▸ Task to carry out: Which lines run from the one containing "But if it's" through the end of the data? Write them out exactly, with the pictures left out.

▸ Data block:

__________

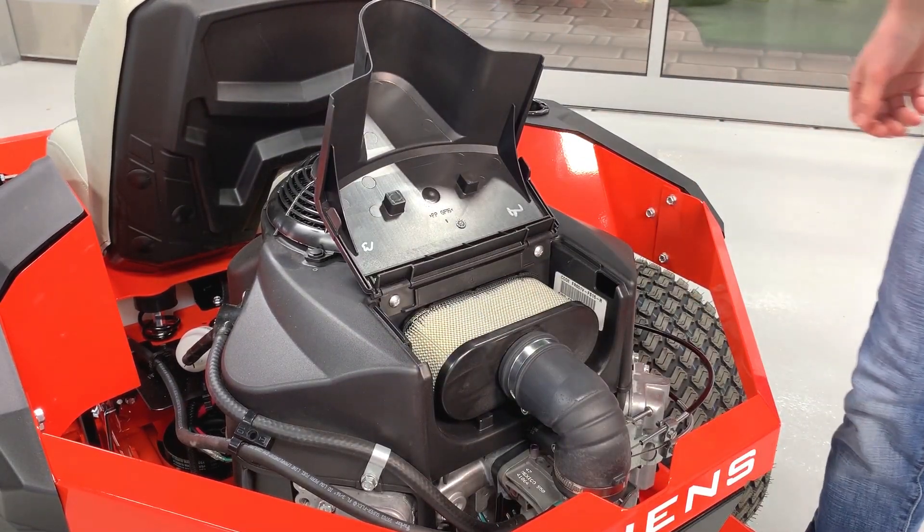But before we begin, let's just review the safety section in your operator's manual and your engine manual to familiarize yourself with safety as well as your engine air filter.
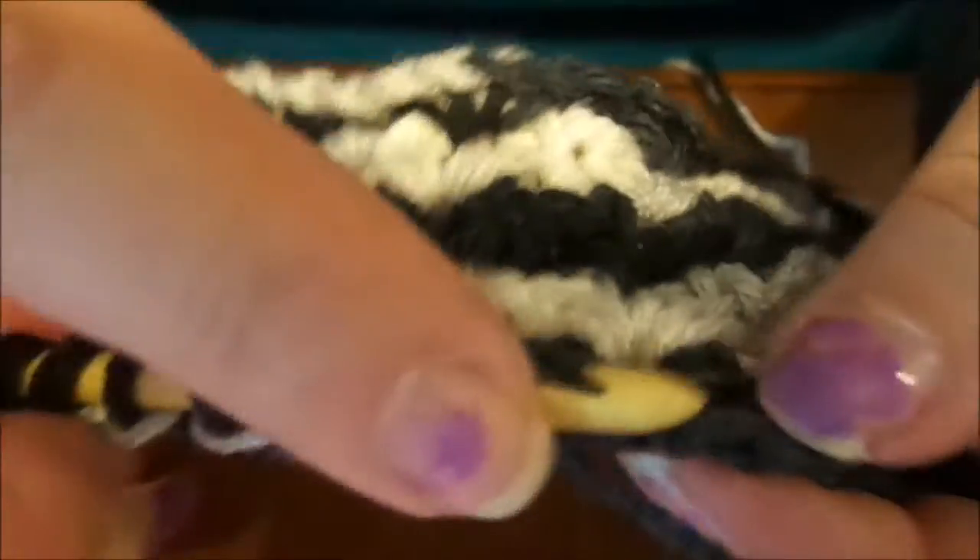But if it's for a shawl, you don't need to worry about it. Your edges will be fine — it'll be wavy and beautiful and have lots of drape.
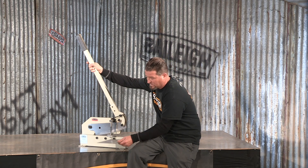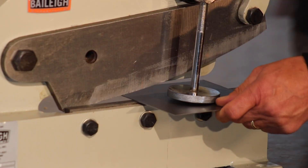Not only that, but it does have this material hold-down that helps steady your cut.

__________

▸ Exercise output:
But if it's for a shawl, you don't need to worry about it. Your edges will be fine — it'll be wavy and beautiful and have lots of drape.
Not only that, but it does have this material hold-down that helps steady your cut.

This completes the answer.